O discurso proferido por Luiz Inácio Lula da Silva nas Nações Unidas nesta semana marca uma guinada firme e explícita na postura brasileira em relação ao conflito Israel-Palestina — uma mudança que muitos analistas definem como o momento mais grave das relações diplomáticas entre Brasil e Israel em décadas. Lula denunciou que “o povo palestino corre o risco de desaparecer”, acusou Israel de “genocídio” e responsabilizou os Estados Unidos pela “cumplicidade” no conflito.
Em um tom mais agressivo do que o adotado até então, o presidente afirmou que a ofensiva sobre Gaza não pode ser vista apenas como uma guerra convencional, mas um evento de proporções quase “históricas”. Ao mesmo tempo, pediu solidariedade internacional e defesa da população civil contra destruição massiva. O gesto sinaliza que o Brasil não pretende mais adotar uma postura comedida ou neutra, mas sim situar-se como voz ativa contra o que considera violações graves de direitos humanos.
O impacto diplomático já se desenha — desde 2024, a relação vinha se deteriorando por episódios de críticas, comparações com o nazismo e recusa a reaproximação formal. A Israel, Lula já foi declarado “persona non grata”. A retirada do embaixador brasileiro e a recusa do Brasil em conceder agrément ao novo representante israelense intensificaram o impasse. Essa escalada culmina agora num momento em que o choque retórico ultrapassa os limites tolerados do jogo diplomático tradicional.
Dentro do Itamaraty, militares da diplomacia prepararam notas duras de protesto e instruções para interlocuções externas em tom de contingência. Países do mundo árabe já manifestaram apoio à declaração do presidente, posicionando o Brasil como aliado visível da causa palestina em fóruns multilaterais. Por outro lado, em reuniões reservadas, diplomatas expressam apreensão: o risco de retaliação em acordos econômicos e em cooperação tecnológica é concreto, sobretudo se Israel e seus aliados interpretarem o gesto como rompimento da linha histórica de equilíbrio brasileira.
Para atores externos, a mensagem é clara: Lula quer reposicionar o Brasil no tabuleiro geopolítico global como uma potência de discurso moral, disposto a cobrar sanções e responsabilizações. Há potencial simbólico de efeito para fortalecer alianças latino-africanas, firmar pontes com nações islâmicas e reforçar o protagonismo nas instâncias da ONU, como Conselho de Direitos Humanos e debates sobre crimes de guerra.
No cenário interno, o discurso tende a provocar divisões: apoiadores do governo veem a fala como coerente com uma política externa mais assertiva e com valores de solidariedade; opositores acusam exagero, risco de retaliação diplomática e prejuízo à segurança nacional. Parlamentares favoráveis a acordos comerciais com Israel já manifestaram desconforto, defendendo que o Brasil preserve canais de interlocução pragmáticos.
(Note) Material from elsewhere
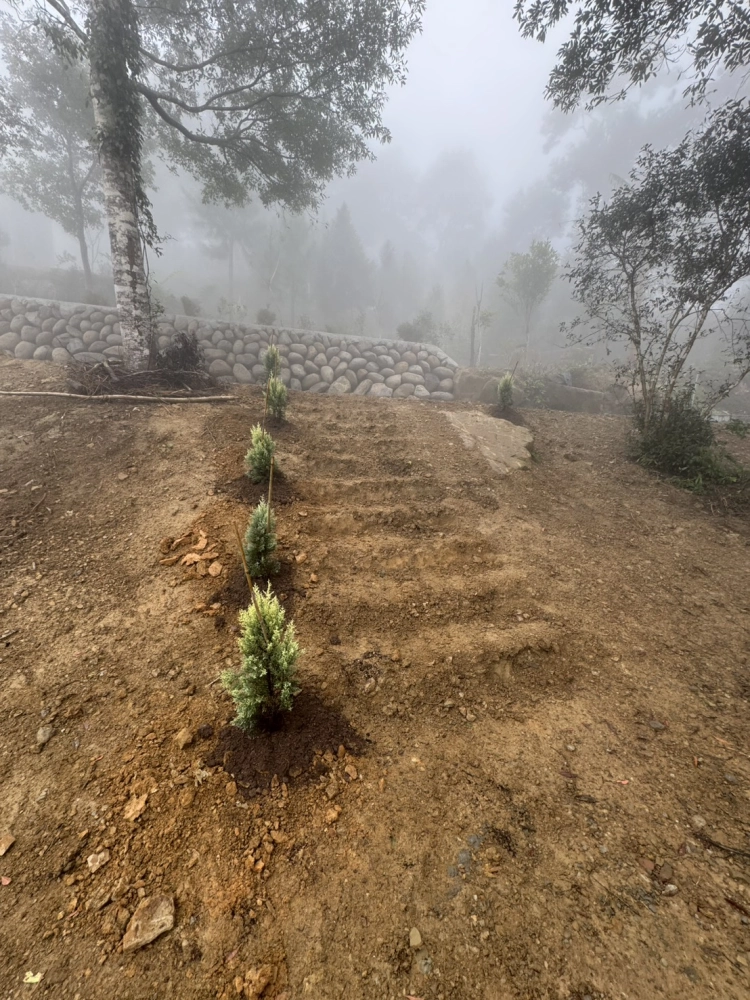 客製化種植圖片分享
No plano prático, o governo brasileiro ainda controla as pontes diplomáticas. A embaixada brasileira em Israel permanece aberta, ainda que sem um embaixador titular. O Brasil não formalizou ruptura completa de relações, preferindo manter a possibilidade de diálogo — ainda que no limite da tensão. Isso dá margem para manobras de reversão ou escalada, dependendo dos próximos passos de ambas as partes.
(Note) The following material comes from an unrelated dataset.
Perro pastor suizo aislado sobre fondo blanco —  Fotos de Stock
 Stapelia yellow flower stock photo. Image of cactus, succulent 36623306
Cabe monitorar três frentes decisivas: primeiro, o posicionamento do parlamento israelense e do governo Netanyahu, que já reagiram duramente a declarações anteriores; segundo, se aliados internacionais intervirão para mediar ou aumentar a pressão (como União Europeia, países árabes e os EUA); terceiro, qual será a resposta brasileira em fóruns internacionais, especialmente se for proposta investigação sobre crimes de guerra ou sanções unilaterais.
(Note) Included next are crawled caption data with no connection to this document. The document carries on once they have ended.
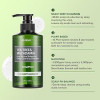 KUNDAL Шампунь для волосся  Tea Tree & Macadamia Deep Cleansing Shampoo Cherry Blossom проти лупи з аромато - зображення 3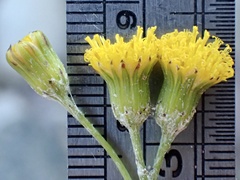 Senecio angustifolius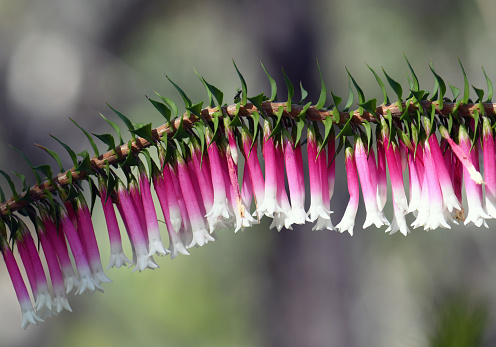 Back lit pink, red and white bell-shaped flowers of the Australian Fuchsia Heath, Epacris longiflora, family Ericaceae, growing in a Sydney woodland understory, NSW, Australia.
O momento, portanto, pode ser lido como um divisor de águas: ou a relação bilateral será empurrada para um impasse institucional irreversível, ou o recuo diplomático ocorrerá com cálculo para preservar canais estratégicos. Mas é inegável que Lula lançou um novo patamar na disputa simbólica do conflito — e que os ecos disso ainda serão sentidos nas arenas de poder global e no tabuleiro doméstico brasileiro.